Many secularists fail to recognize the religious undertones in their pursuits. I recently read an interesting article that thoughtfully articulated the interesting relationship between AI developers, many of whom consider themselves aggressively secular, yet their language and pursuits are dripping with religious language, projections, and basic human desires. Many avid believers in AI tend to recoil at the idea of incorporating religion into their creations without recognizing they already have.
The point of illuminating the compatibility between religion and Transhumanism isn’t just some desperate attempt to hold tight to a cherished tradition and theology, or a misguided attempt to alleviate cognitive dissonance, it's about recognizing the potential of humanity as a story. Not only are we storytellers, but we're also story creators. Transhumanism is one more, or the next, story on the way to more light. Are our stories any more or less powerful because we have a more nuanced perspective? Perhaps it is through understanding our narratives more thoughtfully that we will come to appreciate and utilize them in a much more profound way, thus giving more power to our narratives, ideas, theologies, and beliefs.
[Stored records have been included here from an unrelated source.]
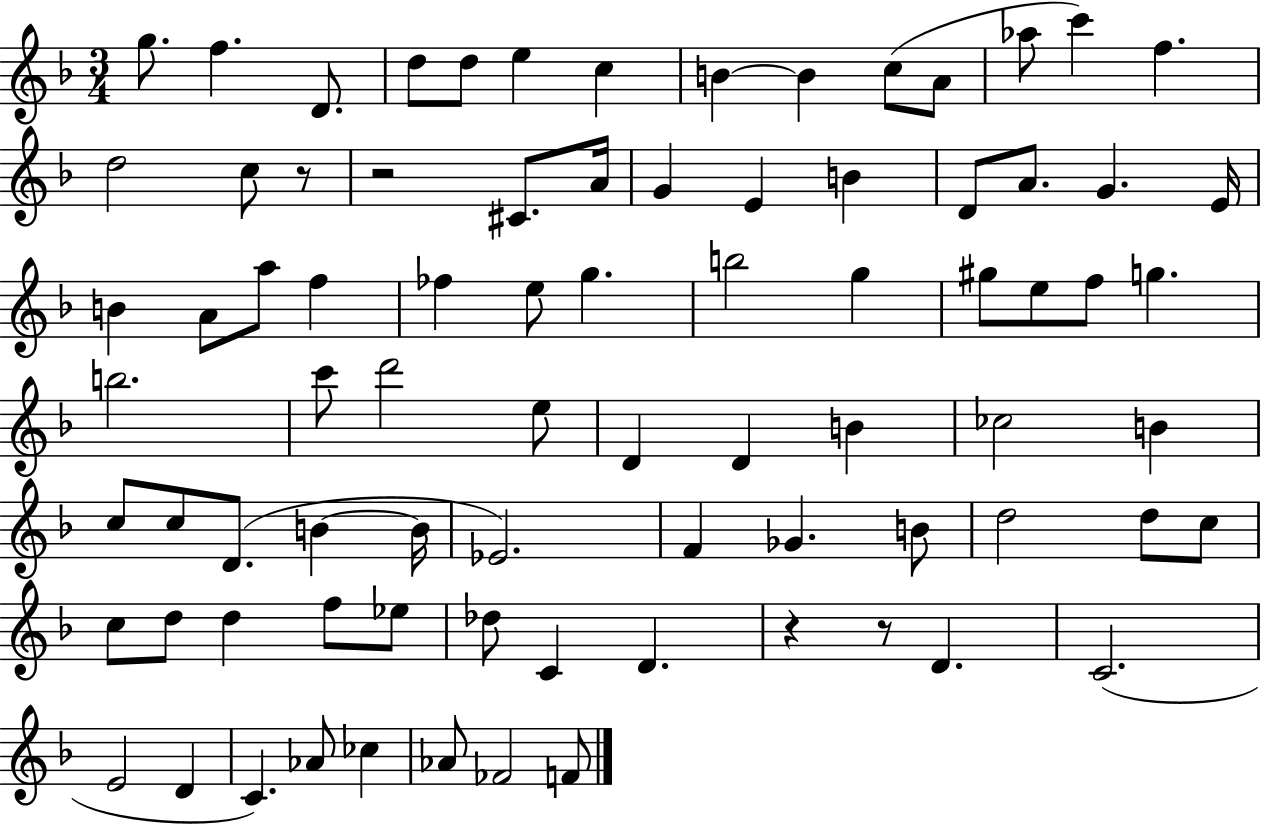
{
  \clef treble
  \numericTimeSignature
  \time 3/4
  \key f \major
  g''8. f''4. d'8. | d''8 d''8 e''4 c''4 | b'4~~ b'4 c''8( a'8 | aes''8 c'''4) f''4. | \break d''2 c''8 r8 | r2 cis'8. a'16 | g'4 e'4 b'4 | d'8 a'8. g'4. e'16 | \break b'4 a'8 a''8 f''4 | fes''4 e''8 g''4. | b''2 g''4 | gis''8 e''8 f''8 g''4. | \break b''2. | c'''8 d'''2 e''8 | d'4 d'4 b'4 | ces''2 b'4 | \break c''8 c''8 d'8.( b'4~~ b'16 | ees'2.) | f'4 ges'4. b'8 | d''2 d''8 c''8 | \break c''8 d''8 d''4 f''8 ees''8 | des''8 c'4 d'4. | r4 r8 d'4. | c'2.( | \break e'2 d'4 | c'4.) aes'8 ces''4 | aes'8 fes'2 f'8 | \bar "|."
}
Let there be light could be seen as a representation of the various forms of light: secular, religious, intellectual, poetic, philosophical, and aesthetic. The narrative of how light is found, understood, used, and projected is open to innumerable interpretations, but light, in this sense, is at the core or our existence. It is light that gives us life. It is light that enables knowledge. It’s is light that we seek. In all things, let there be light.